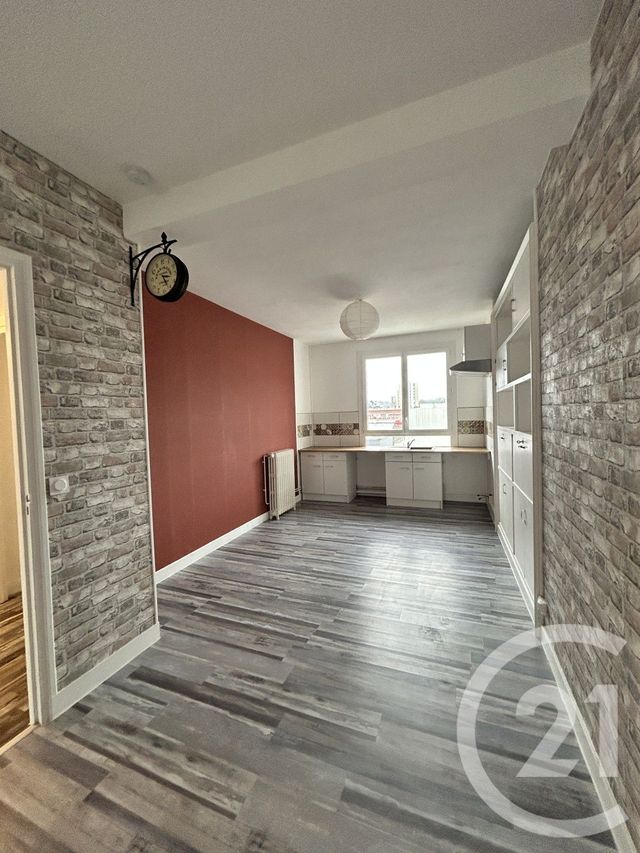 Appartement F3 &agrave; louer - 3 pi&egrave;ces - 63,54 m2 - Lisieux - 14 - BASSE-NORMANDIE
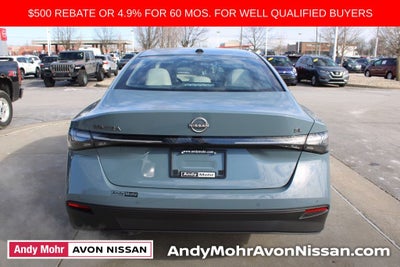 2026 Nissan Sentra SL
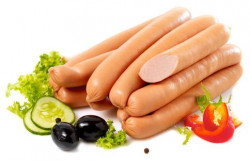 Cremwursti cu Piept de Pui CAMPIS pret/kg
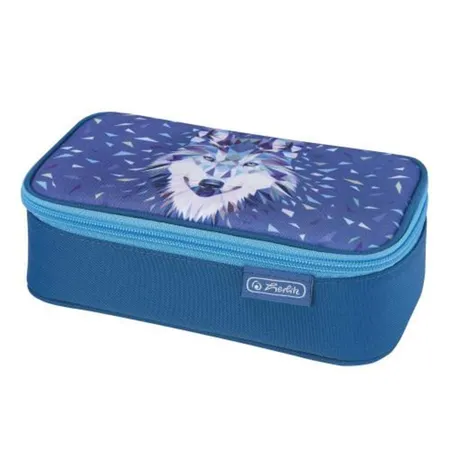 Herlitz Faulenzer beatBox Wild Animals Wolf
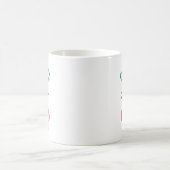 Retro Cool Cozumel Original Mexiko Strände Sunset Kaffeetasse (Mittel)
===
Problem to work on
Down to the final line, restate the material above word for word, but omit its pictures.

Solution for this exercise
 Appartement F3 &agrave; louer - 3 pi&egrave;ces - 63,54 m2 - Lisieux - 14 - BASSE-NORMANDIE
 2026 Nissan Sentra SL
 Cremwursti cu Piept de Pui CAMPIS pret/kg
 Herlitz Faulenzer beatBox Wild Animals Wolf
 Retro Cool Cozumel Original Mexiko Strände Sunset Kaffeetasse (Mittel)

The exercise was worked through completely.